Intenso silencio
Hay una dulce ilusión que está ahí desde siempre, nos acompaña incansable, en ella, el tiempo es un cuenco rebosante, inagotable y con eterna paciencia.
Caminamos en la creencia de que los días se estiran a nuestro gusto, como si fueran eternos, como si las oportunidades supieran esperarnos ––ahí–– sentadas, sonriéndonos indulgentemente.
Y entretanto nuestro corazón aprende a callar, a custodiar esas palabras que laten, a postergar esas caricias que ya conocen los caminos de la piel.
Pero hay miradas imposibles de aplazarse.
Hay silencios pesados, intensos.
Porque en su interior se arremolinan gestos que no llegaron a existir, nombres solamente pronunciados en tu interior y deseos que murieron en la orilla.
Nuestro cuerpo ––mucho más sabio que la mente–– lo sabe, y reconoce esa urgencia en aquel leve temblor, en esa respiración lenta, densa cuando te acercas y ese nerviosismo que reluce sin permiso.
Proclamar lo que sentimos no es un acto ruidoso, casi siempre se traduce apenas en un susurro que puede cambiar el rumbo de una vida.

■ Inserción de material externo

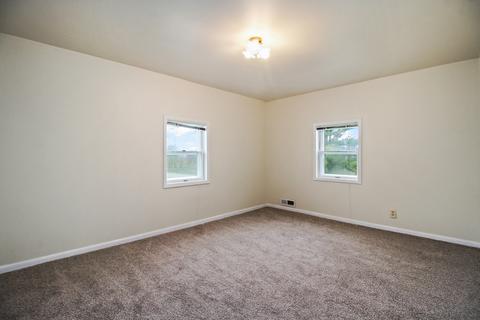 6281 E 5000n Rd, Bourbonnais, IL 60914 photo 16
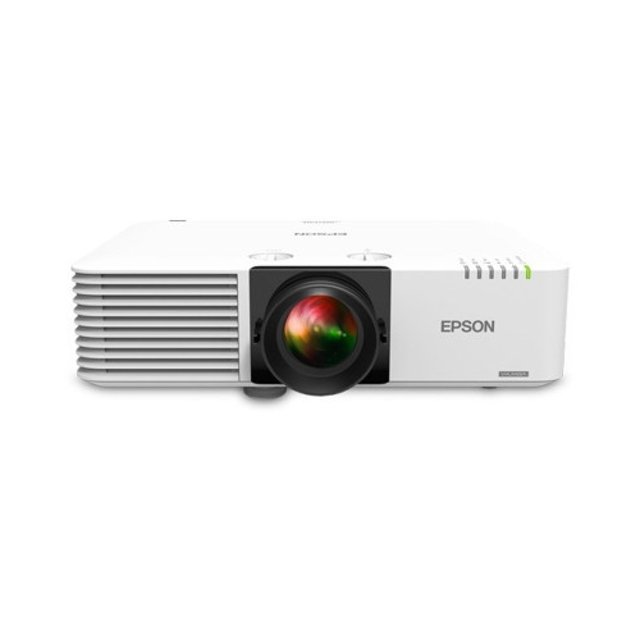 엡손 EPSON EB-L520U 5200안시 레이저 빔프로젝터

Proclamar ese sentimiento es acercar una mano y descubrir que ese breve espacio entre dos pieles acaba de convertirse en un nuevo lenguaje íntimo, secreto.
Es permitir a tu voz temblar levemente y permitir al otro traspasar el umbral de ese temblor, penetrarlo.
Y todo porque amar nunca es una promesa futura, es una presencia en ese instante único e inaplazable.
Hay besos que nacen tarde, abrazos etéreos, cartas nunca escritas y cuerpos acostumbrados a la distancia por ese miedo irracional a romper la calma.
Esa calma que sin verdad se transforma solamente en una larga pausa que en algún momento encontrará la fuerza necesaria para expresar lo esencial reclamando su lugar.
Es en ese momento cuando el pecho se abre y el aire adquiere otro color, otra textura.
Ahora la palabra justa asoma a tus labios y solicita permiso para salir. No para ofrecer seguridades, ni para exigir eternidad, solamente para encender nuestra realidad con lo que es cierto.